▶ [DIRECTIONS]
Once the pictures are removed, reproduce what is left of the data below exactly.

▶ [DATA RECORDS]
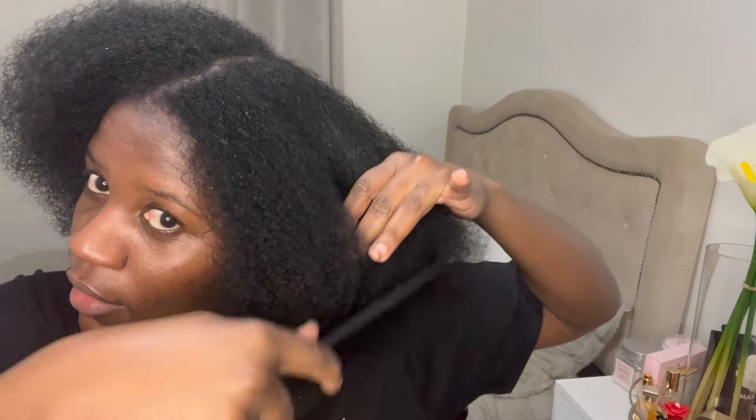I've rinsed out the conditioner and I'm just detangling my hair. When detangling, I use a wide shampoo comb because when your hair is wet it's in its most fragile form. You don't want to use a fine-tooth comb and create more snags and breakage. Use a comb with wider, thicker teeth, and detangle from the ends upward.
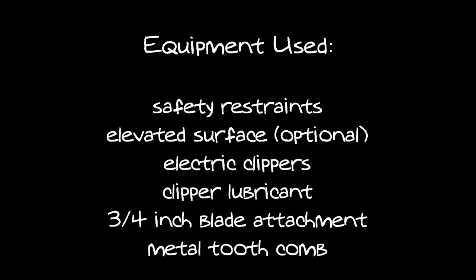Equipment used: safety restraints on an elevated surface are optional, electric clippers and clipper lubricant, a three-quarter inch blade or blade attachment comb, and a metal tooth comb.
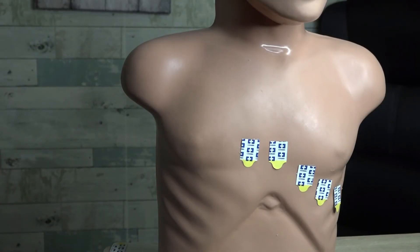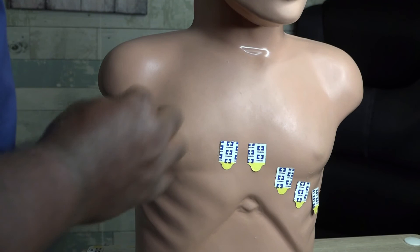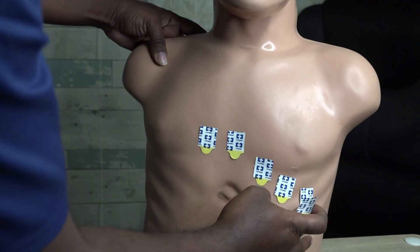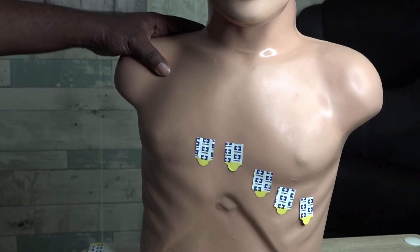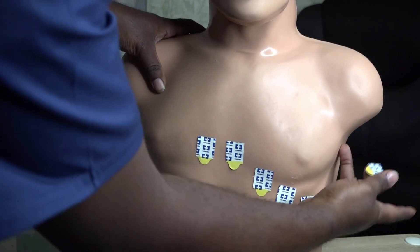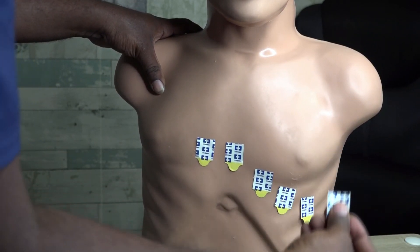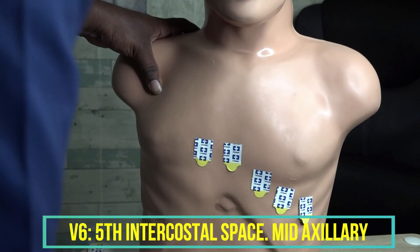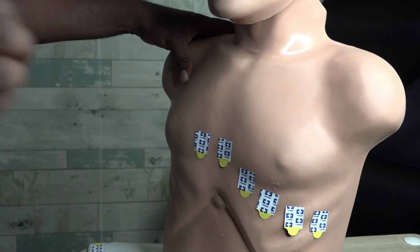Lastly, V6 is located in the fifth intercostal space. Instead of being at the anterior axillary line, V6 is at the mid-axillary line — at the same level as V4 — which is almost at the line going right up under the armpit. So V6 is at the fifth intercostal space at the mid-axillary line, same level as V4.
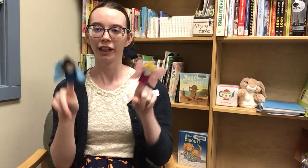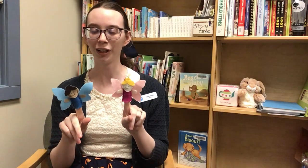So we're going to start with two little fairies sitting on the lawn. One named Flora and the other named Fawn. Fly away Flora, fly away Fawn. Come back Flora, come back Fawn.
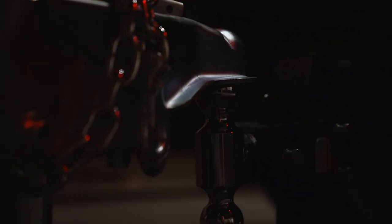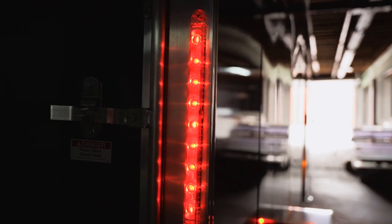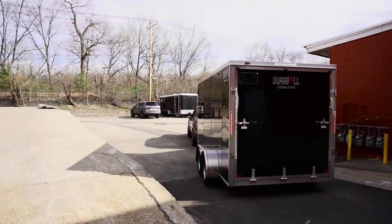Durable Trailers are built better, ride better, and have a warranty you can't find anywhere else. When it comes to your cargo, you don't want flimsy — you need Durable.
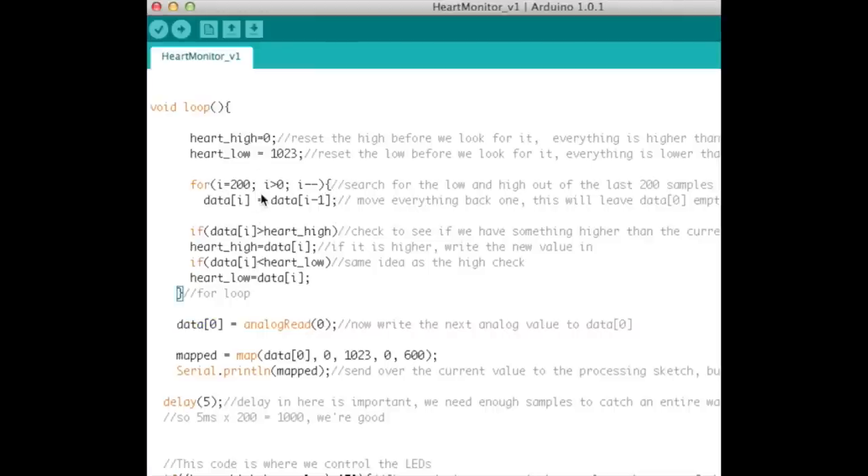The shifting loop also searches for the high and low values within those 200 samples, so we get the full span of the heartbeat signal. The loop starts at 200 and decrements, shifting everything up by one position so the new value in data[0] is always the most recent read, and the array always holds the most recent 200 values.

▶ [RESULT OF THIS TASK]
I've rinsed out the conditioner and I'm just detangling my hair. When detangling, I use a wide shampoo comb because when your hair is wet it's in its most fragile form. You don't want to use a fine-tooth comb and create more snags and breakage. Use a comb with wider, thicker teeth, and detangle from the ends upward.
Equipment used: safety restraints on an elevated surface are optional, electric clippers and clipper lubricant, a three-quarter inch blade or blade attachment comb, and a metal tooth comb.
Lastly, V6 is located in the fifth intercostal space. Instead of being at the anterior axillary line, V6 is at the mid-axillary line — at the same level as V4 — which is almost at the line going right up under the armpit. So V6 is at the fifth intercostal space at the mid-axillary line, same level as V4.
So we're going to start with two little fairies sitting on the lawn. One named Flora and the other named Fawn. Fly away Flora, fly away Fawn. Come back Flora, come back Fawn.
Durable Trailers are built better, ride better, and have a warranty you can't find anywhere else. When it comes to your cargo, you don't want flimsy — you need Durable.
The shifting loop also searches for the high and low values within those 200 samples, so we get the full span of the heartbeat signal. The loop starts at 200 and decrements, shifting everything up by one position so the new value in data[0] is always the most recent read, and the array always holds the most recent 200 values.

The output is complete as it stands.